Import our Python modules:
import pandas as pd import numpy as np import scipy.stats as sps import statsmodels.api as sm import matplotlib.pyplot as plt
Read the ZARR13.DAT file:
data = pd.read_table('ZARR13.DAT', skiprows=25, names=['X']) data
195 rows × 1 columns
Showing the Distribution¶
Let's look at histogram:
plt.hist(data.X, bins=20) plt.show()
And the distribution statistics:
count 195.000000 mean 9.261461 std 0.022789 min 9.196848 25% 9.246496 50% 9.261952 75% 9.275530 max 9.327973 Name: X, dtype: float64
The data looks normal-ish, but a histogram isn't a very reliable way to assess normality. A Q-Q plot against the normal distribution lets us be much more precise:
sm.qqplot(data.X, fit=True, line='45') plt.show()
That data looks normal! It's a straight line right through the bulk of the data. It's common for the first and last few points to deviate from normal just a little bit more than the central mass of data points.
Drawing Q-Q Ourselves¶
Let's try to draw our own. The way we draw a Q-Q plot is this:
- Sort the data values in ascending order. These will be plotted on the y axis.
- Compute the percentile for each data point - where is it in the range of data points? We can do this with its position or count. We don't label any point 0 or 1; instead, for point $i \in [1,n]$, we compute $v = i / (n + 1)$.
- Compute the quantiles in the reference distribution (in our case, normal) for each data point position. These will be plotted on the x axis.
observed = data['X'].sort_values()
Now we need to compute the percentiles for each position. The
arange function is useful for this - it can generate $i = 1 \dots n$, and we can divide to rescale the points:
nobs = len(observed) pred_ps = np.arange(1, nobs + 1) / (nobs + 1)

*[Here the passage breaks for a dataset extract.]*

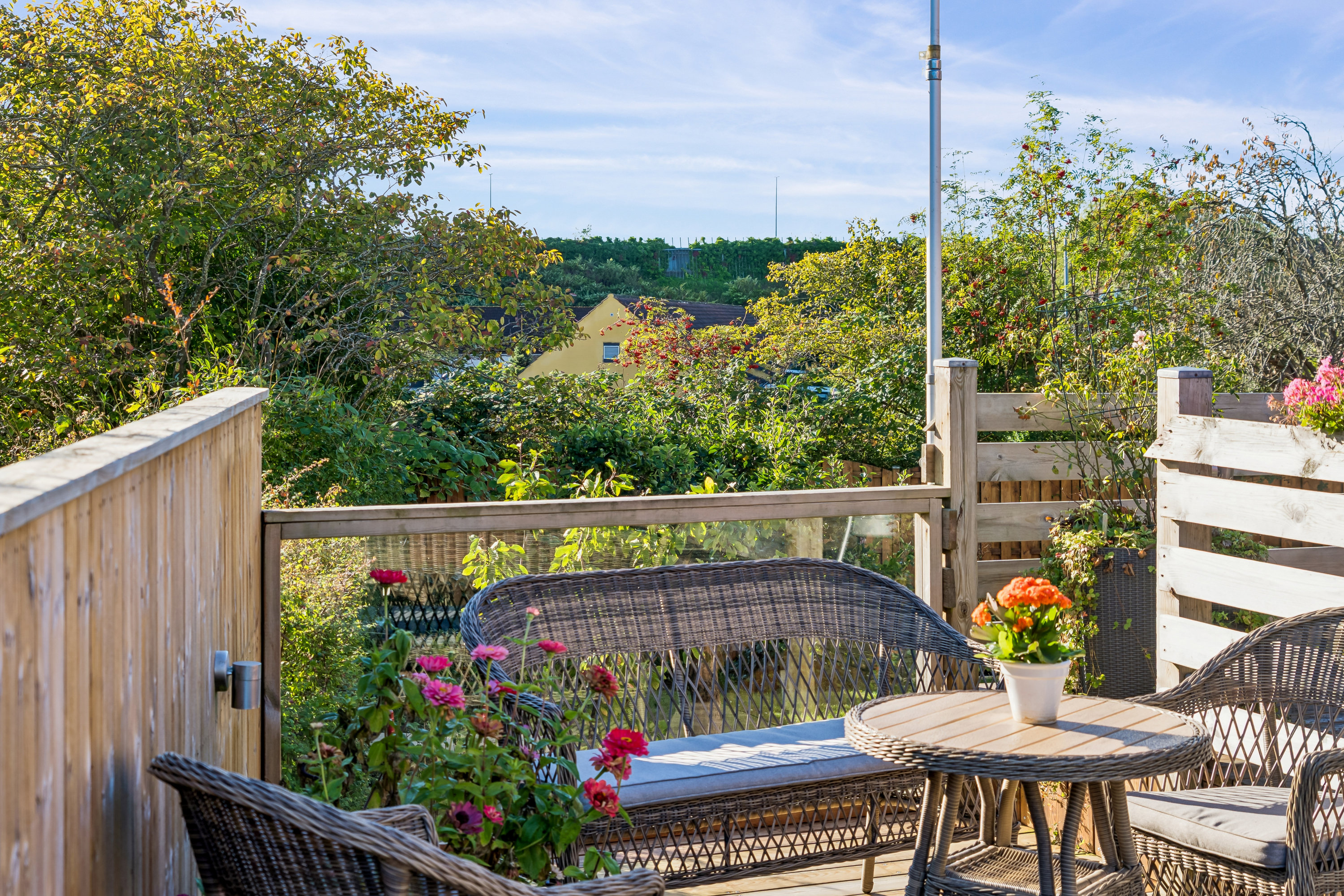 Fremhævet terrasse billede i fuldskærmstilstand. Billede af Kornmarken 31, 2880 Bagsværd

And we need to convert these percentiles into quantile values from the standard normal:
norm_dist = sps.norm() pred_vs = norm_dist.ppf(pred_ps)
Finally, we can plot them against each other:
plt.scatter(pred_vs, observed) plt.xlabel('Theoretical Quantiles') plt.ylabel('Sample Quantiles') plt.show()
We can see the straight line, but two issues remain:
- Our sample quantiles are on the original scale, but theoretical are standardized. Let's standardize the sample quantiles so the values, not just relative shape, are comparable.
- We don't have the refernce line. This will be easier to draw with standardized sample quantiles.
Standardization, for normally-distributed data, is transforming it to have a mean of 0 and standard deviation of 1. We do this by subtracting the mean and dividing by the sample standard deviation:
std_observed = (observed - observed.mean()) / observed.std() # reference values; once standardized, the line will be y=x ref_xs = np.linspace(np.min(pred_vs), np.max(pred_vs), 1000) plt.plot(ref_xs, ref_xs, color='red') # add the points plt.scatter(pred_vs, std_observed) # and labels plt.xlabel('Theoretical Quantiles') plt.ylabel('Sample Quantiles') plt.show()
Let's start with a 1-sample T-test for $H_0: \mu = 9$:
If $\mu$ were nine, it would be extremely unlikely to find a sample with this observed mean.
These values are very tightly distributed. A 1-sample T-test for $H_0: \mu = 9.25$:
Our data would also be very unlikely, but not as unlikely, under this null hypothesis.
And just to see it accept the null, let's try $H_0: \mu = 9.26$:
Our data is consistent with $\mu=9.26$.
Note: What I just did here — try several different null hypotheses in a row — is not a valid statistical procedure. I am only doing it to demonstrate the results of a t-test both when the null hypothesis holds, and when it does not.